It’s time to liberate yourself from all sorts of stereotypes about elegance, beauty and styles. At least this is what Donatella Versace is trying to do with her new liberal Versace spring/summer 2014 collection, unveiled at Milan Fashion Week yesterday. As she modestly says she is liberating the Versace woman. “Usually we give them clothes that are very tight to the body but this time they are much more languid – they caress the body.” She is also giving the Versace girl more creativity and self-confidence.
The Versace spring/summer 2014 collection is inspired from the street life and its limitless variety of options, where you see catwalk-like situations every minute. The ordinary and comfy fabrics are just made to form the image of the carefree stroller or the cool swagger. Mostly black, white and some blue and indigo tones create a party mood, and will surely make the street an open air pub for those who just want to enjoy and have fun of every second of life.
The first look of the Versace spring 2014 runway show was a grayish, almost black denim jacket combined with an indigo skirt. The big, antique belt completes the look giving the model a self-reliant and free image. The jacket itself would be totally comfortable and cool for a brave and dashing motorcyclist. It would even be just fine to create a vampire look for Halloween, or to be the lead singer in a rock group.

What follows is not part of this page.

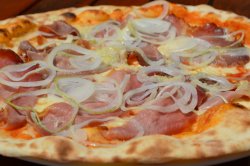 Pizza Tiroleza mare image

The other looks of the Versace spring/summer 2014 collection have a bit more classiness. The see-through shirt with a tight black skirt is not a bad idea for business parties. The skinny pants worn with a loose black shirt are ideal to have a nice evening walk in the most audacious parts of the city. The white looks from the new Versace collection are appealing and lovely. You can even find some red carpet luxurious looks in the show that will surely make you stunning and dazzling.
As the fashioner claims, she wanted to give a status of luxury to ordinary things. Well, one thing is sure Donatella Versace can create extravagant looks from the most common shapes and fabrics.